Juga, semua nama hari dalam bahasa Inggris dan juga nama-nama bulan
seperti Januari, dan sebagainya, berasal dari nama-nama dewa atau dari
nama-nama kaisar Romawi yang didewakan. Apakah kita sebagai orang-orang kristen
tidak boleh memakai nama-nama hari dan bulan itu?
8. Kebiasaan
melakukan ‘toast’ dalam perayaan pernikahan juga berasal dari
tradisi kafir dalam penyembahan berhala. Tetapi boleh dikatakan semua orang
kristen melakukan ‘toast’ tersebut.
Dalam tafsirannya tentang
1Kor 10:21 Albert Barnes mengatakan:
“In the feasts in honor of the
gods, wine was poured out as a libation, or drank by the worshippers; .... The
custom of drinking ‘toasts’ at feasts and celebrations arose from
this practice of pouring out wine, or drinking in honor of the pagan gods; and
is a practice that still partakes of the nature of paganism. It was one of the
abominations of paganism to suppose that their gods would be pleased with the
intoxicating drink. Such a pouring out of a libation was usually accompanied
with a prayer to the idol god, that he would accept the offering; that he would
be propitious; and that he would grant the desire of the worshipper. From that
custom the habit of expressing a sentiment, or proposing a toast, uttered in
drinking wine, has been derived” (= Dalam pesta-pesta untuk menghormati dewa-dewa, anggur dicurahkan
sebagai suatu upacara pencurahan, atau diminum oleh penyembah-penyembah itu;
... Kebiasaan untuk minum toast pada pesta-pesta dan perayaan-perayaan muncul
dari praktek pencurahan anggur ini, atau minum untuk menghormati dewa-dewa
kafir; dan merupakan suatu praktek yang tetap mengambil bagian dalam sifat
dasar / hakekat dari kekafiran. Merupakan sesuatu yang
menjijikkan dari kekafiran untuk menganggap bahwa dewa-dewa mereka disenangkan
dengan minuman yang memabukkan. Pencurahan minuman keras seperti itu
biasanya disertai dengan suatu doa kepada dewa
berhala, supaya ia menerima persembahan itu; supaya ia bermurah hati / senang;
dan supaya ia mau mengabulkan keinginan dari si penyembah. Dari tradisi itu
telah didapatkan kebiasaan untuk menyatakan suatu permohonan, atau pengajuan
‘toast’, dinyatakan dengan peminuman anggur).

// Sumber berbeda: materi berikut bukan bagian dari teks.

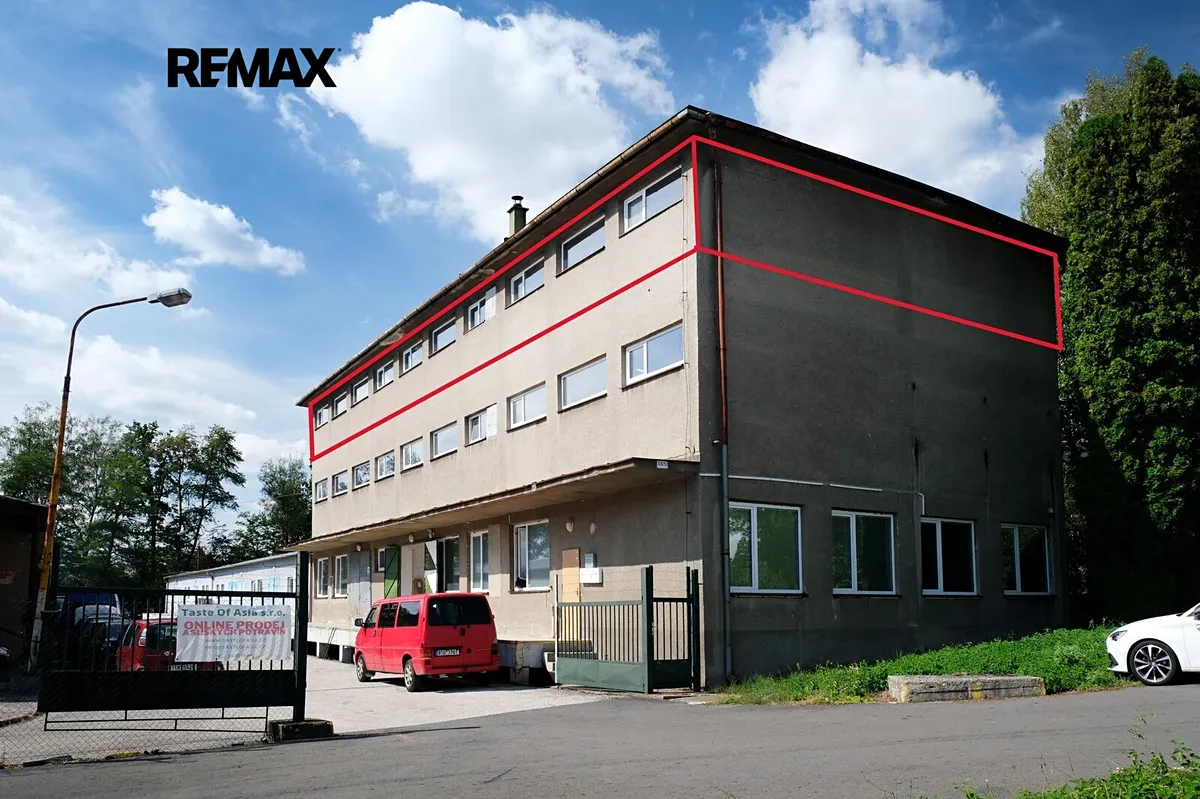 Pronájem skladového prostoru 133 m²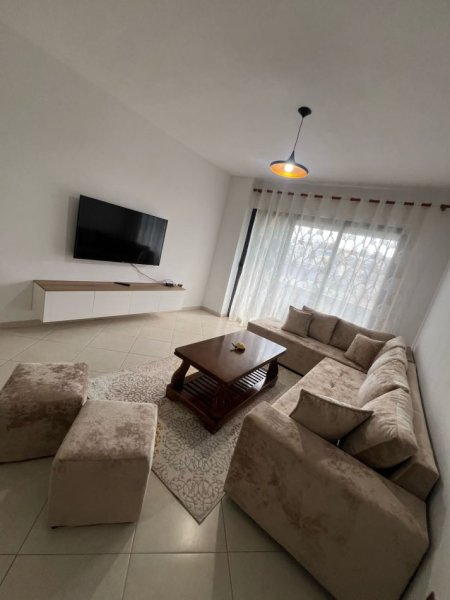 Tirane, jepet me qera apartament 2+1 Kati 2, 90 m² 500 € (astir)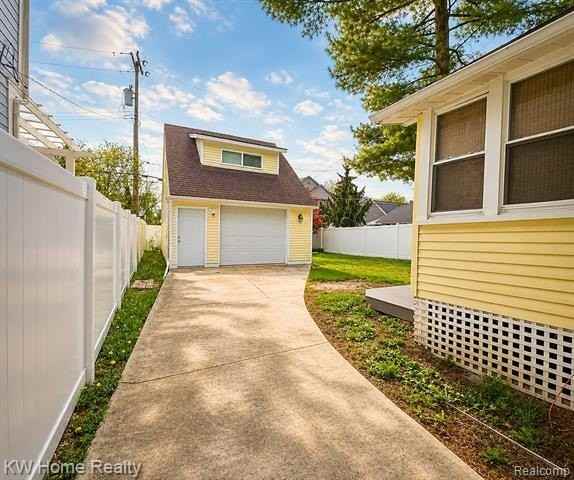 1208 Emmons Ave - Photo 3 of 20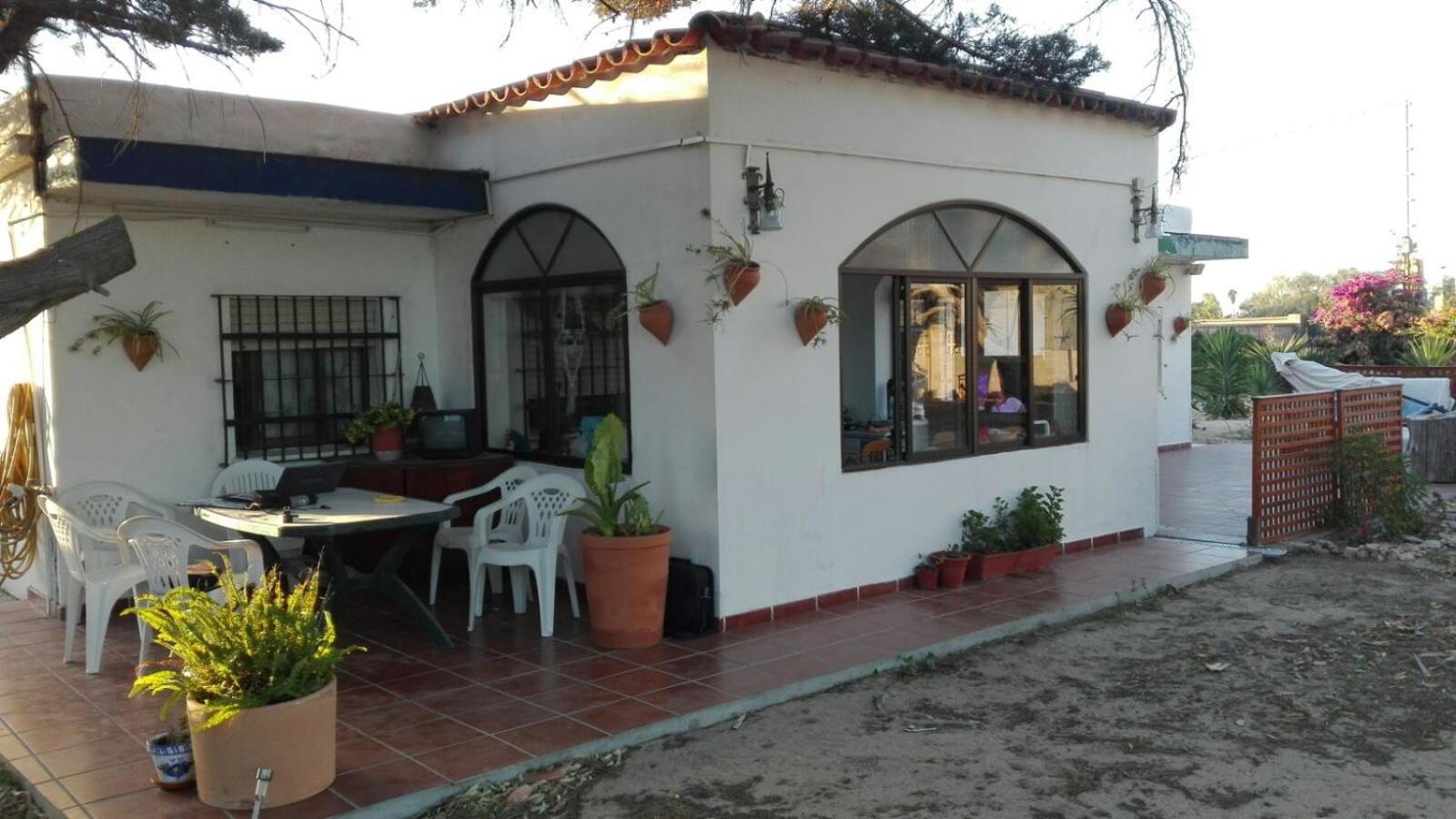 En Finca Las Dunas Dos Chalets Con Jacuzzis En Primera Linea De Playa , Uno De 4 Dormitorios Y Otro De 2 Dormitorios, Llama Al Seiscientos Veintisiete Cuatrocientos Diecisiete Trescientos Noventa Y Ocho Rota Dış mekan fotoğraf
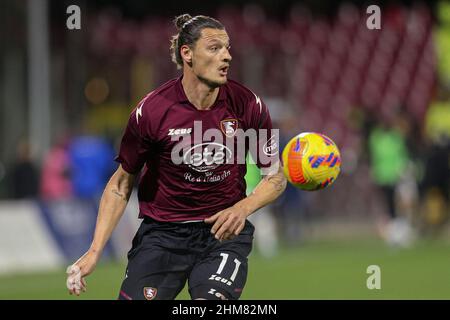 Der bosnische Stürmer Milan Djuric von Salernitana schaut während des Fußballspiels der Serie A zwischen Salernitana und Spezia am 7. Februar 2021 im Arechi-Stadion in Salerno, Süditalien. Stockfoto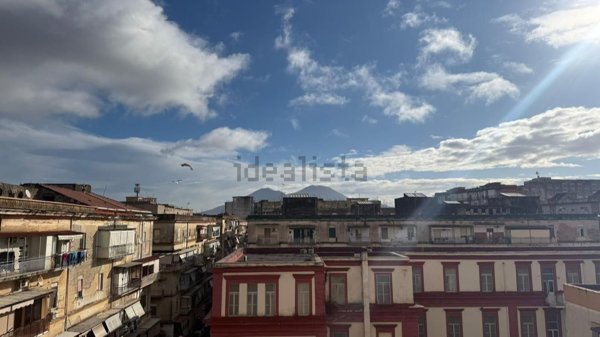 appartamento in vendita a Napoli in zona Mercato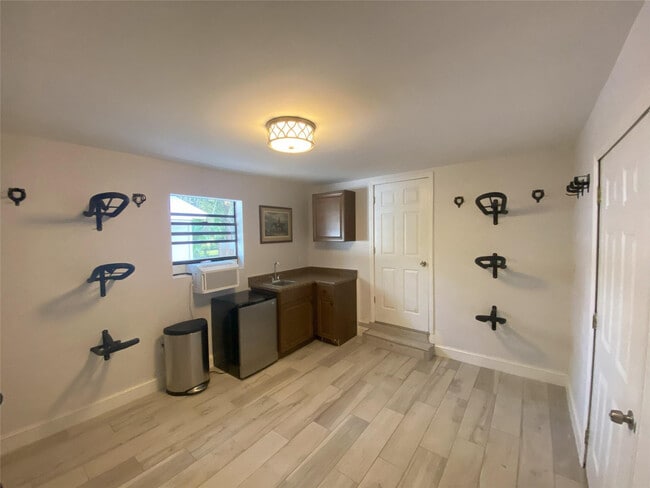 Building Photo - 2315 Deer Run Blvd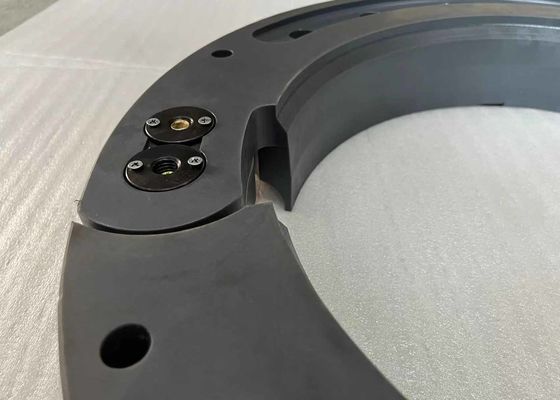 Dispositif de sécurité contre les déchirures de pneus d'urgence avec forgeage intégral par moule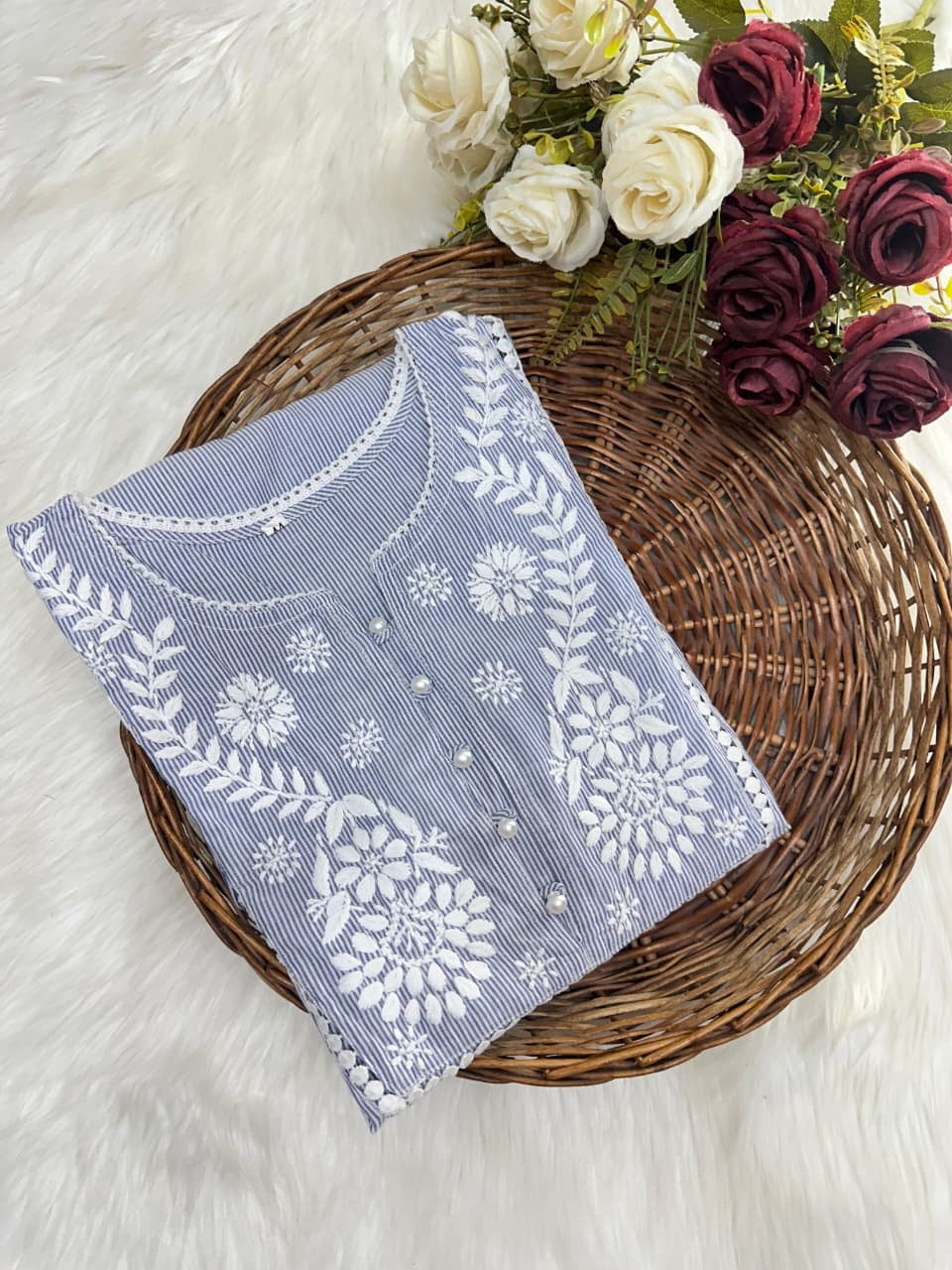 Printed cotton short top with lace work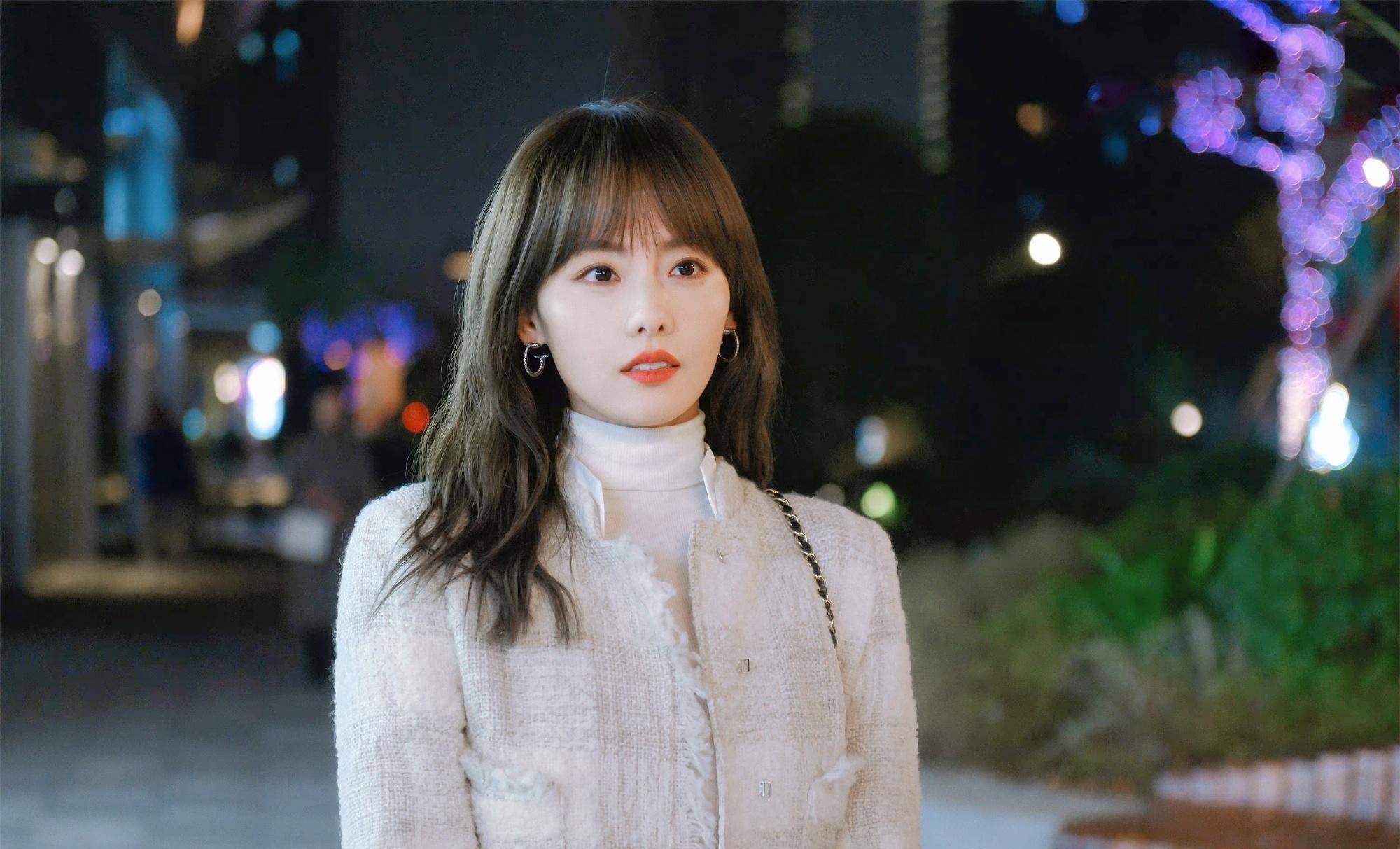 张嘉倪掌握儒家风格,在职场穿着优雅时尚,尽显高级气息_黑色_夹克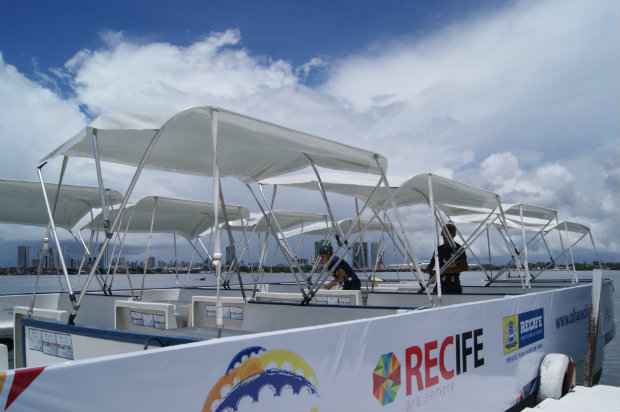 Olha! Recife sofre mudanças para melhorar serviço prestado. Foto: Tânia Passos/DP/DA Press/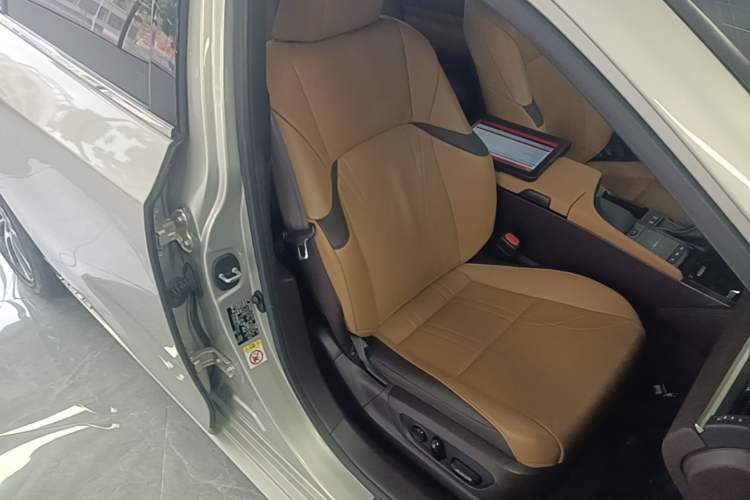 Used Lexus ES 2018 300h Premium Edition China V Standard Right Front Seat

9. Seluruh Kanaan dulunya adalah negeri kafir
yang dipenuhi dengan penyembahan berhala. Tetapi Tuhan mengambilnya dan memberikannya
kepada bangsa pilihanNya, dan Kanaan lalu menjadi Holy Land, dan Bait
Allah dibangun di sana.
10. Bahasa Yunani juga merupakan bahasa bangsa
kafir, tetapi lalu diambil dan digunakan sebagai bahasa asli dari Kitab Suci.
Kesimpulan: karena dunia ini
dulunya seluruhnya kafir, adalah mustahil bagi kita untuk menghindari hal-hal
yang berasal dari kekafiran. Jadi selama kekafiran itu bisa disaring /
dibersihkan, tidak jadi soal dengan hal-hal yang asal usulnya kafir itu.